» **Data under study**
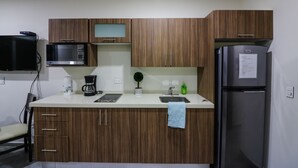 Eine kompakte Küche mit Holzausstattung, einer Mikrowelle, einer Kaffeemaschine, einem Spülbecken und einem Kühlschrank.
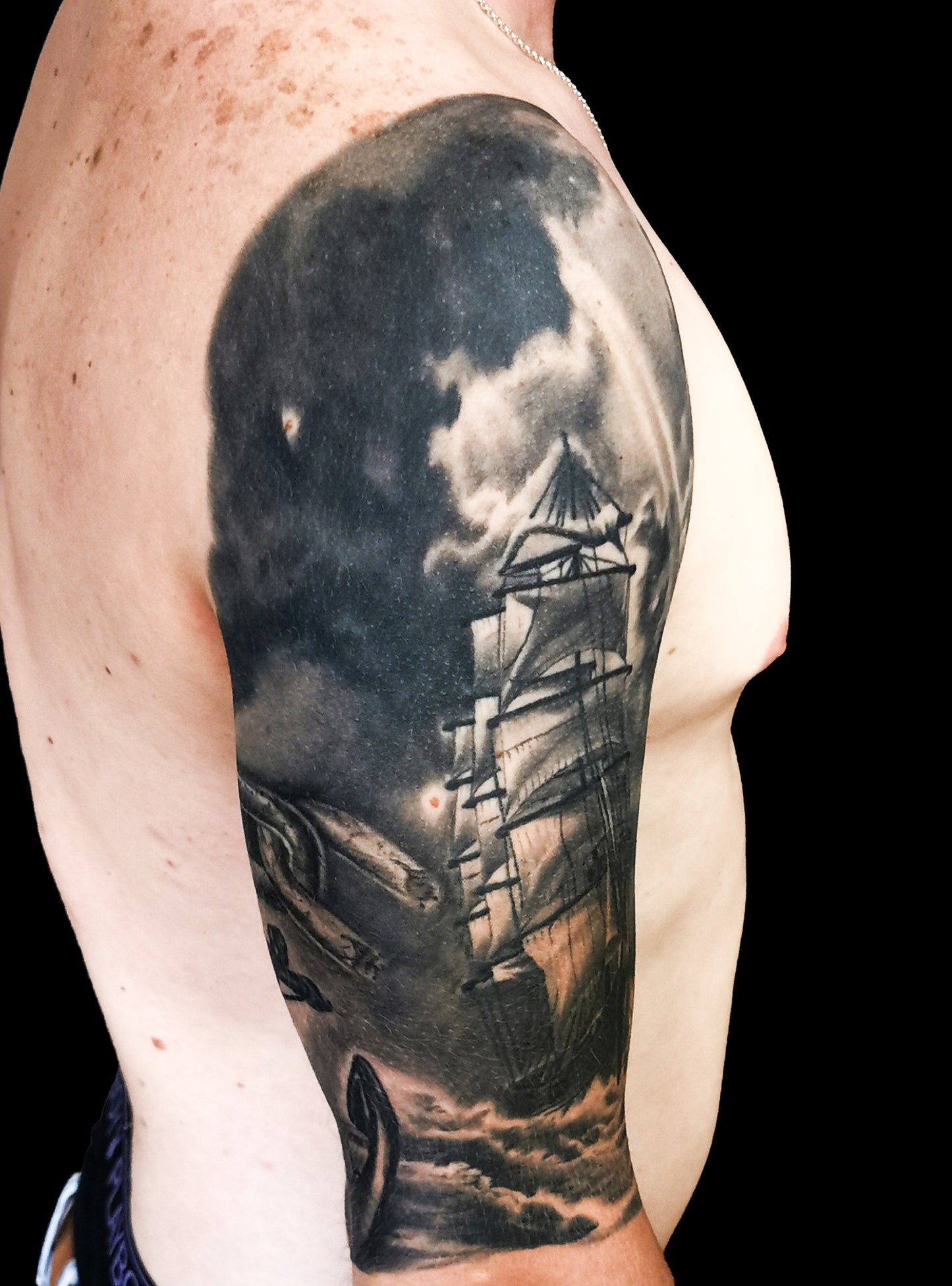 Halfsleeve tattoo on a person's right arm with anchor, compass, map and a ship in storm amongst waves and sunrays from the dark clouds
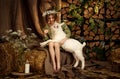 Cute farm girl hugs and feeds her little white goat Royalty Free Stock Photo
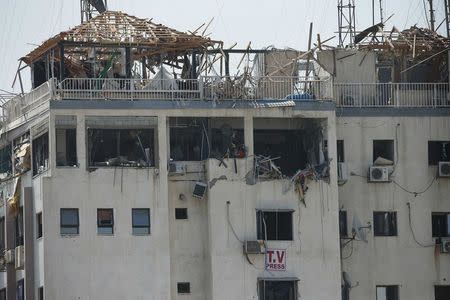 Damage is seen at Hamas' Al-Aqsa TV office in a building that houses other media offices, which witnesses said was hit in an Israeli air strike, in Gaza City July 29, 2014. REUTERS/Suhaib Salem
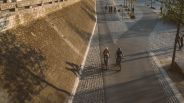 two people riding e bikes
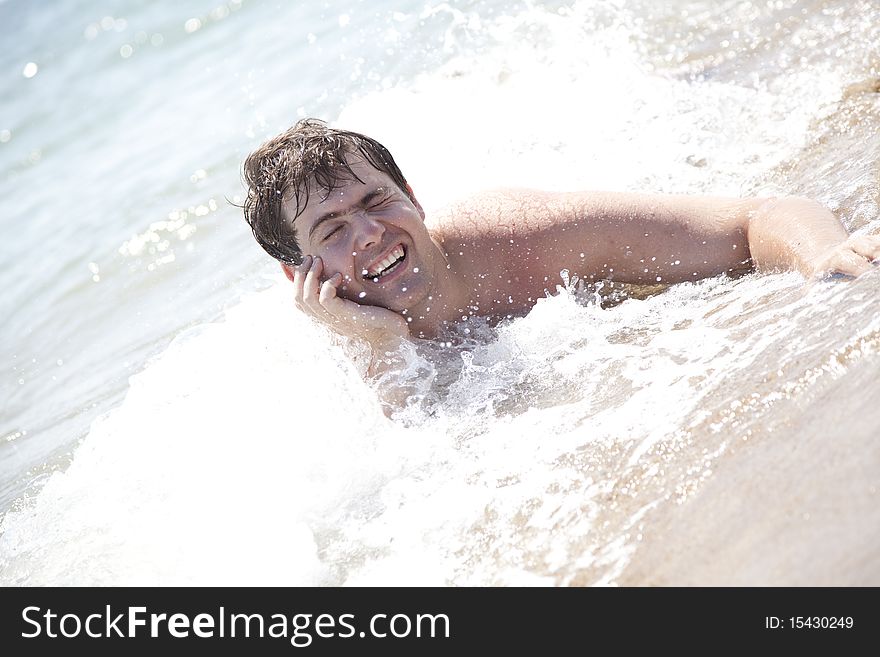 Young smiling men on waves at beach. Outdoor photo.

» **Task item**
Take the line containing "Damage is seen" through the last line of the material and retype exactly those lines, both ends included, with no pictures.

» **Response below**
 Damage is seen at Hamas' Al-Aqsa TV office in a building that houses other media offices, which witnesses said was hit in an Israeli air strike, in Gaza City July 29, 2014. REUTERS/Suhaib Salem
 two people riding e bikes
 Young smiling men on waves at beach. Outdoor photo.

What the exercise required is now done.